Did you know that roughly 88% of the world’s population lives in the Northern Hemisphere? This perhaps isn’t altogether surprising given that 68% of liveable land is also in the Northern Hemisphere. However, that’s 88% of our total population whose experience of life differs in some fundamental ways from those “Down Under”. The most obvious of these is the seasons, with summer and winter being reversed. And, while this does not seem like such a great thing, it has an effect on a number of things. For example, in the Southern Hemisphere the academic year runs from February to December. The best time to go skiing is July or August. And Christmas is celebrated not with warm fires burning and snow on the ground, but with summer sun and barbecues and lashing of sunscreen.
And because I live almost as southerly as a person can get, I can report that here, right on mid-year, we are most certainly experiencing winter. It’s a season that lends itself to the use of alliteration – wet, wild, windswept, wintery – cold, cloudy, crisp, chill. As I write today, I could use many of those words to describe the weather outside. A leaden sky hangs overhead. Wind swirls and eddies as though being chased by an invisible foe. Fat droplets of rain streak the windows and the best place to be is at home by the fire.
I can’t say I’m really a winter person.

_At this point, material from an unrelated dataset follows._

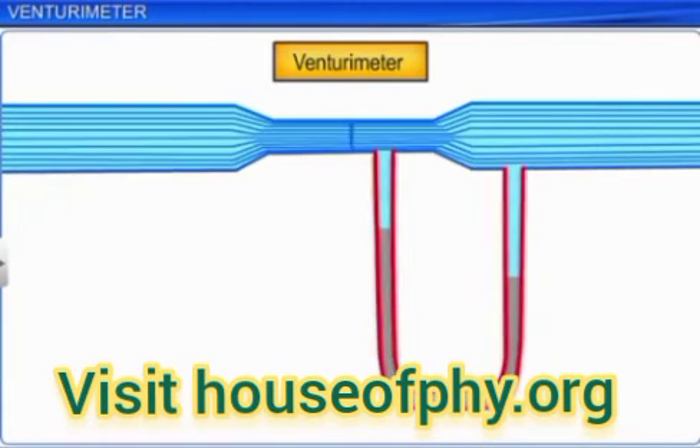A manometer, in the form of a U-tube, is attached to it with one arm at the wider neck of the tube and the other arm at the narrow point of the constriction. To gauge the speed of flow, the manometer contains a liquid that cannot mix with the liquid flowing through the Venturi meter tube.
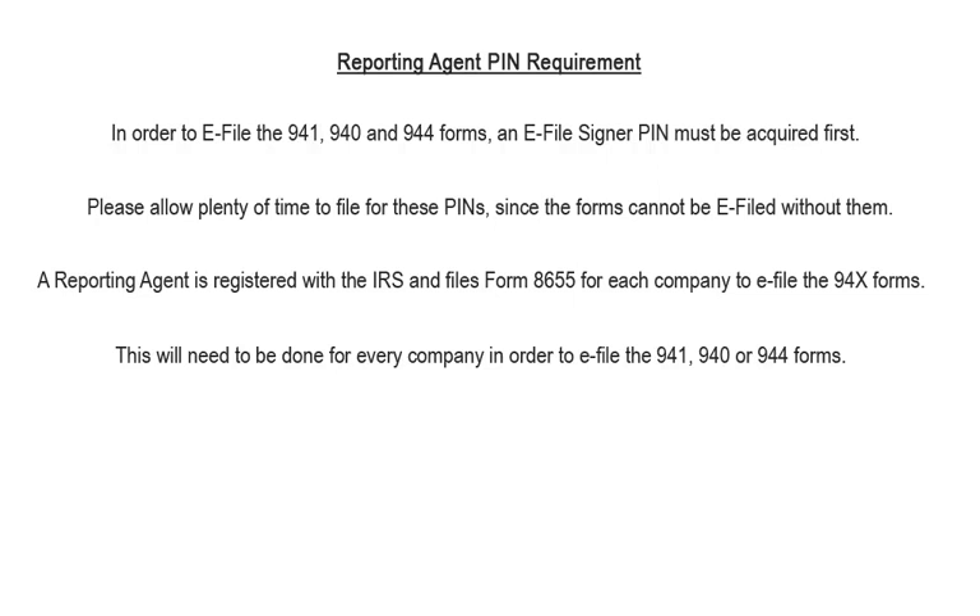In order to e-file the 941, 940, 943, and 944 forms, an e-file signer PIN must be acquired first. Please allow plenty of time to file for these PINs, since the forms cannot be e-filed without them. A reporting agent is registered with the IRS and files Form 8655 for each company to e-file the 940x forms. This will need to be done for every company in order to e-file the 941, 940, 943, and 944 forms.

In fact, if I had to pick a favourite season it would be spring. New leaves, new flowers, new life, longer days, the prospect of the summer to come. It’s not too hot and not too cold – a bit like Goldilocks’ ideal porridge. Yet I don’t detest winter either. Here, in Auckland, we don’t get snow (a few flakes get spotted by keen-eyed individuals every few years but these melt before falling to the ground) and frosts are rare. Fogs sometimes plague the airport, stranding passengers and disrupting travel plans. Rain, on the other hand, is our main tormentor, coming in waves from all different directions, sending people scattering for cover and contemplating the need for webbed feet.
It’s definitely the sort of weather that lends itself to indoor pursuits. Movie watching, games, a spot of mindless web surfing. And, of course, what could be better than a spot of reading on a wild day? But then, that’s the joy of books. You can just as easily read one in the summer as you can in the autumn, winter or spring. You can read them in bed or on the beach or in a plane or on a train. What could be nicer?
So, whether your weather be blizzardly or brilliant, dive in and make the most of books. After all, it’s fine weather…for books.